FreeLanguageTools / vocabsieve

Simple sentence mining tool for language learning
GNU General Public License v3.0
374 stars 29 forks source link

Forvo cloud stopped working 10 hours ago #146

Open voothi opened 6 months ago

voothi commented 6 months ago

Describe the bug Hello! Forvo cloud stopped working 10 hours ago. I tried version 0.11.1 and 0.12.0. I also tried through different internet connections.

To Reproduce Steps to reproduce the behavior: In GUI VocabSieve 0.11.1 / 0.12.0 under Windows 11. In mode General / Target language = German I connect Forvo to Configure / Sources / Pronunciation sources / Enabled pronunciation sources / Forvo. Checking the settings Lemmatization policy for pronunciation = Try lemma first, otherwise original I make Lookup words from the captured sentence. The word is not reproduced. The forvo/... file below is not displayed. Only local audio files from local audio libraries are displayed.

Expected behavior Audio file for selected German word:

Screenshots

image image

Logs

Desktop (please complete the following information):

Additional context Telegram thread: Hello!
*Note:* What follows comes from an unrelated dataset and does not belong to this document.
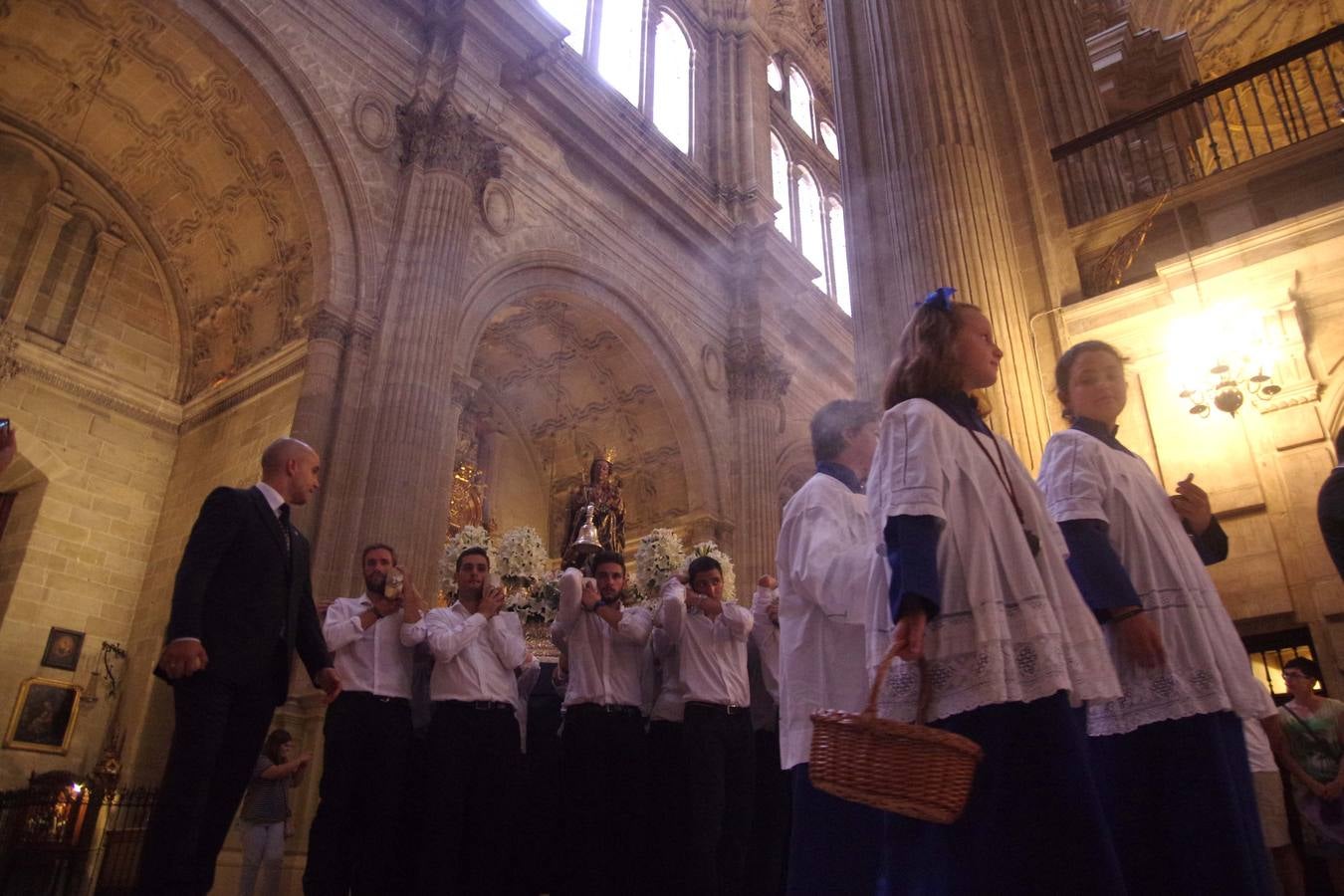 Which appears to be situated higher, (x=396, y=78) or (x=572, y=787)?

Forvo stopped working 10 hours ago. I tried version 0.11.1 and 0.12.0.

1over137 commented 6 months ago

I assume they stepped up their anti scraping measures with Cloudflare, as reported elsewhere with similar projects:

https://github.com/Rascalov/Anki-Simple-Forvo-Audio/issues/31

https://github.com/Rascalov/Anki-Simple-Forvo-Audio/issues/29

In that case there is nothing I can do. Stick to downloaded stuff, probably. If this persists I'll remove the implementation. Maybe I'll look into fetching audio from wiktionary. I'm personally unwilling to do this, but if someone is willing to make a fancy proxy service somewhere like lingva, please let me know.

Rascalov commented 6 months ago

I assume they stepped up their anti scraping measures with Cloudflare, as reported elsewhere with similar projects:

It's an oddball. My extension seemed to work again after I visited the site once on my actual browser to do the Cloudflare Captcha. My guess is that it will whitelist IPs from the check once it's been gone through at least once. But then again, I have yet to hear from people if that actually worked for them as well.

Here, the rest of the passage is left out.